Norrington Elgar Symphony No.1
Symphony No.1 in A flat, Op.55
Die Meistersinger von Nurnberg – Prelude to Act I
Stuttgart Radio Symphony Orchestra
Sir Roger Norrington
Reviewed by: Colin Anderson
Reviewed: January 2001
CD No: HANSSLER CD 93.000
Duration: 57 minutes
Issued as part of Hanssler’s ’faszination musik’ series, this live-compiled Elgar One was recorded at concerts between 27-29 October 1999. Similar to Norrington’s London Philharmonic Royal Festival Hall performance on 11 October last, which I reviewed for The Classical Source, it’s good to have a permanent document of his lively view of this great symphony.
Norrington’s approach to Elgar’s First is perhaps too urbane – there isn’t the focus on the composer’s inner passions, the shadows. If Norrington appears to be slightly inhibited about fully revealing Elgar’s emotional fantasy and the heart-on-sleeve outpourings, he is certainly aware of the subtly elusive aspects of the music – there is much that is delicately traced: in the lighter-scored passages of the scherzo or the opening of the finale for example. In doing so, Norrington moves this music closer to Schumann – Elgar’s true German counterpart, Anthony Payne once told me – and away from the assumed Brahms.

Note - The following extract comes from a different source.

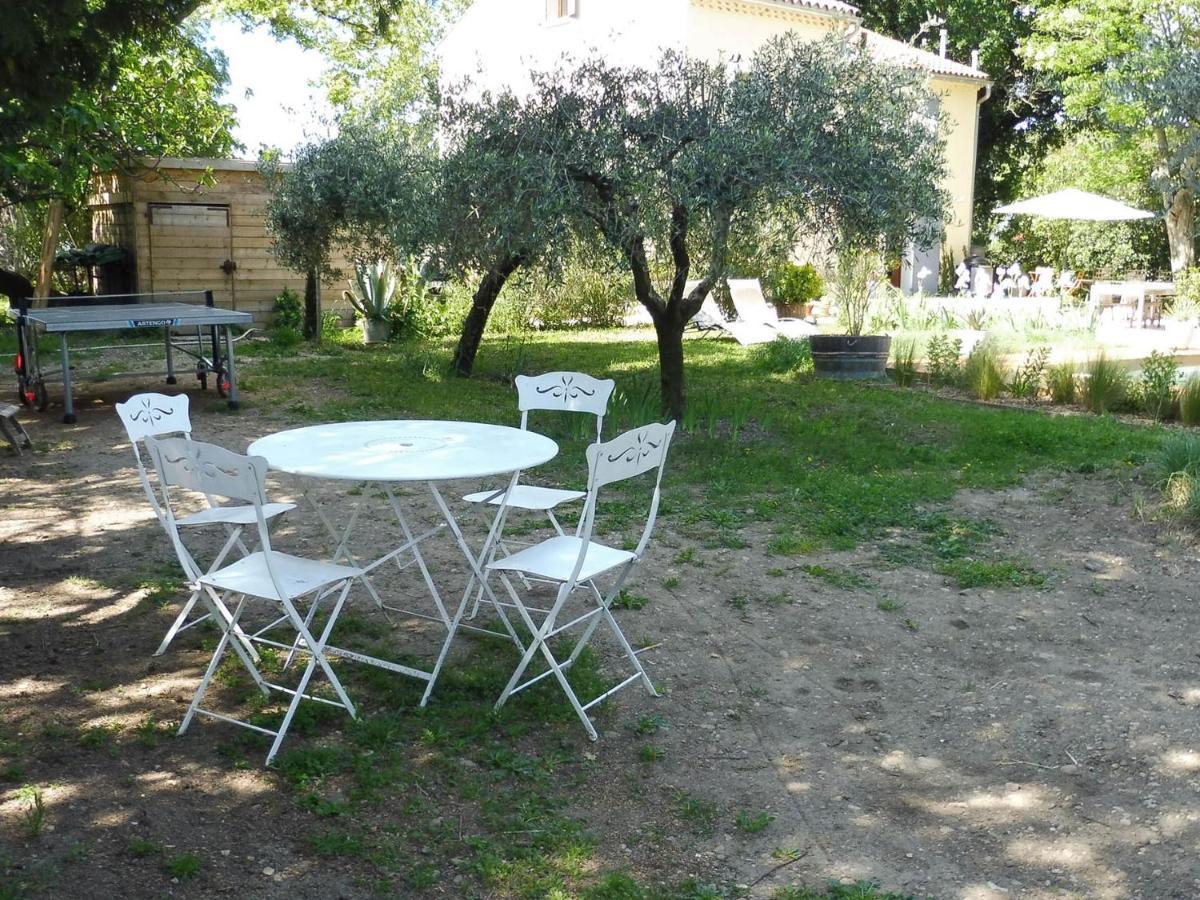 Mas Des Rabasses Bed & Breakfast Le Pontet  Exterior foto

All this said – particularly given some of the disappointing aspects – Norrington does have the work’s structure in full-view; he responds to the surface incident with relish, and presides over an unfussy and fleet account, which is very refreshing. He also has antiphonal violins, so important in clarifying the two sections’ dialogue (the music written for this design) and doesn’t make portentous the symphony’s opening motto – indeed, Norrington is one of the few conductors that really makes this introduction ’semplice’ as marked.
Norrington adopts ’authentic’ tempos, the slow movement flows (albeit lacking somewhat in tension and inwardness) and the overall time of 48 minutes is about right in terms of the score. Yet his refusal to linger or indulge the moment may displease some, even if Norrington’s overall directness and symphonic through-line is not unwelcome, and, as the scherzo winds-down, Norrington shows that he can ’swell’ the expression by moulding the music when he wants to (from 4’52”-5’16” especially). I could though have done with much less non-vibrato string playing – Norrington over-uses this effect, which draws attention to itself rather than offering illumination.

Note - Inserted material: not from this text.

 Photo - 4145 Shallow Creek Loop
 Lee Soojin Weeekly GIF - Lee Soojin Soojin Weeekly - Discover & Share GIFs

Norrington’s CD may not be a first choice for this music – he doesn’t join Elgar himself, Boult, Barbirolli, Solti or Haitink (all EMI except Solti’s Decca taping) in offering a truly comprehensive traversal of this masterpiece. It is though a very likeable rendition, one I shall return to quite often, for it offers a sincere and informed view that doesn’t overplay its hand; one always senses Norrington’s deep commitment.
The Wagner (live, 4-5 November 1999) is Norrington’s ‘usual’ 8-minute dash through it and again has something tangibly considered at its core (although ultimately its inclusion is neither here nor there; nor is it a “bonus track” when the CD has twenty-odd minutes unused!).
The Elgar’s the thing. Norrington, full-chested and indomitable, cascades through the final bars with zeal, but seems less hasty than in London – his ’scramble to triumph’ would perhaps not have been out of place a century ago. For all my critical brickbats, I have now listened to this recording several times – and look forward to doing so again. Very well and instinctively played (Elgar’s early successes came in Germany) with excellent sound, Norrington’s Elgar One is notable for its freshness, vitality and some points well-made.